Gilberta Paiva: A Pedagoga Mais Influente Na Música Portuguesa do Sec. XX

Nascida em Elvas em 1915, Gilberta Custódia da Costa Gouveia Xavier de Paiva, passou a infância, adolescência e os primeiros anos da juventude em Lisboa. Aí foi aluna do Conservatório Nacional efetuando, como discípula do professor Marcus Garin, o exame final do curso superior com a classificação de vinte valores. Realizou diversos concertos, dois deles com a Orquestra Sinfónica da Emissora Nacional, dirigida pelo maestro Pedro de Freitas Branco. 
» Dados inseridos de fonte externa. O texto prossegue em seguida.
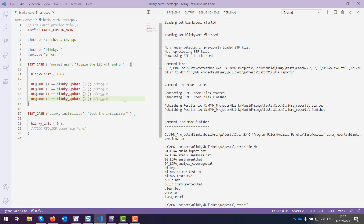What we're going to do is use LDRA in order to generate code coverage on these tests. We're plugging into a GCC-based environment on a Windows machine — that's the MinGW compiler. Later on I'll switch to a Linux environment and perform similar steps to show you the cross-platform capability here.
Gilberta Paiva, notable Portuguese pianist teacher pedagogue
Prof. Gilberta Paiva, arguably the single most notable Portuguese music pedagogue in the XXth Century,
whose work and vision as piano teacher, and later founder and director of many music schools and conservatories across the country had a tremendous impact on the lives of today's most prominent Portuguese classical musicians (Emissora Nacional, Portuguese National Radio).

Casa aos 22 anos, deixa Lisboa, e passa a residir em Santa Maria da Feira com o marido, Dr. Humberto Paiva, um jovem veterinário municipal recém colocado na província. Frustrada com a vida burguesa de dona de casa a que se via resumida, transformou a sala de jantar em saula de aula e dava aulas de música aos mais novos da comunidade, e ensinava os pais dos miúdos, na maioria, agricultores analfabetos, a ler e escrever. 

Em 1955 fundou a Academia de Música de Santa Maria, "a primeira escola de ensino oficial fora dos grandes centros como Lisboa, Porto e Coimbra", e da qual foi diretora até 1964 ­ disse nesta quinta­feira a sua neta, Ana Carvalho, à agência Lusa.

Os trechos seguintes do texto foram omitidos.